My experiences attending tapings of The Big Bang Theory
I’ve been extremely fortunate to attend not one, not two, not even three, but four tapings of The Big Bang Theory. I attended in 2013, 2015, 2016, and 2018. I thought I’d share from my experiences, alongside some photos. Smartphones and cameras were not allowed inside, so I didn’t get any personal photos of that, but linked below is a YouTube video from Mayim Bialik (“Amy Farrah Fowler”) from her last day on the set, walking around behind-the-scenes.

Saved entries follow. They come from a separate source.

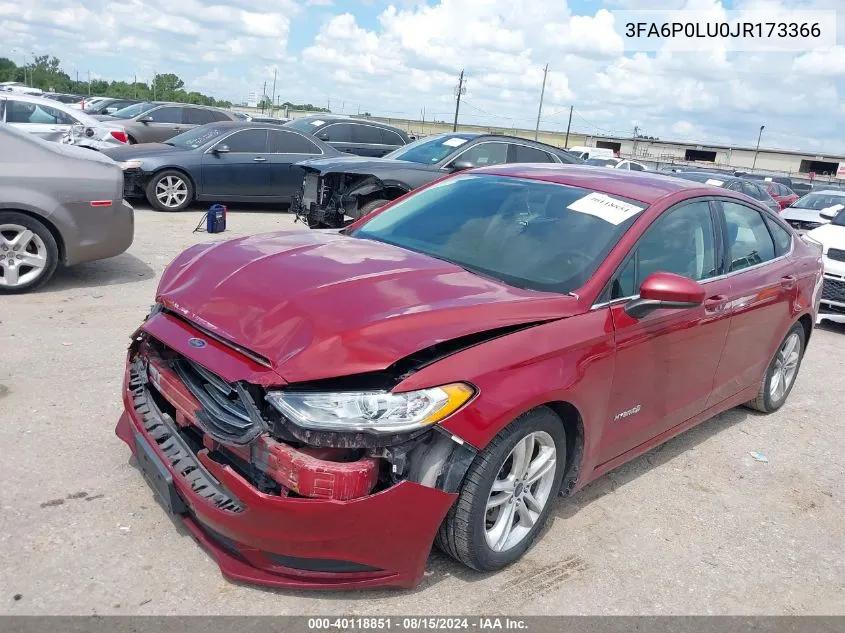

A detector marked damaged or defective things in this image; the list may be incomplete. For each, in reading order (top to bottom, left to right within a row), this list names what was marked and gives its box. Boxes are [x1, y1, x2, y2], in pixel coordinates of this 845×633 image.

gray damaged sedan [0, 123, 134, 294]
crumpled front bumper [115, 354, 458, 592]
cracked hood [155, 231, 580, 382]
exposed headlight assembly [266, 382, 474, 432]
damaged red sedan [115, 163, 820, 588]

Tickets for The Big Bang Theory were free, offered via tvtickets.com. Tickets went by fast, so when they were out, there wasn’t a second to waste. I grabbed the above screenshot showing the available listing for a “STANDBY” ticket after we secured our priority tickets. But the above image gives a sense of how fast things go by – plenty of other shows available, but this screenshot – taken within minutes of initial availability – only shows standby tickets left. Through a combination of multiple computers and quick response, my mother and me (and one year, also my father and sister) were able to obtain priority tickets. They notably didn’t guarantee admission if you’re late to the studio, but as long as you were there on time, you would have reserved spots.
(Click on the above photos to see them enlarged.)

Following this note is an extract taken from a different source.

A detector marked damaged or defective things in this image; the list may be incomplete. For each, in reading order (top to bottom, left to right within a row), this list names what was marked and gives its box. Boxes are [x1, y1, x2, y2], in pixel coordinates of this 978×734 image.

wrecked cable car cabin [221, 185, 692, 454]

The first time I attended in 2013, I was so excited and amazed at what I was seeing. Pure joy and the unbelievable experience of being inside the studio of my favorite comedy. As we entered the studio, each audience member was given a pamphlet detailing the episode name and some character/actor background.
We sat and looked up at video screens that showed iconic moments from the series thus far, alongside pop music, while waiting for the taping to begin. There were these big movable walls (for lack of a better term) preventing the audience from seeing the actual rooms, so we pretty much talked and listened to music while we waited for the big start. After an unknown amount of time (I wish we brought a watch, ’cause there were no clocks inside), the man responsible for talking to the audience (Mark Sweet, the “audience warm-up”) introduced himself, a fireman talking about exits, and basically detailed a little bit about what was going to happen. He then said the video screens were going to be showing an unaired episode of the series, so we all turned our attention to the screens. Being in the studio with like-minded fans of the show to watch an episode the rest of the world hadn’t seen yet made me feel like I was part of an awesome little club, and I distinctly remember me and the rest of the audience singing along to the theme song.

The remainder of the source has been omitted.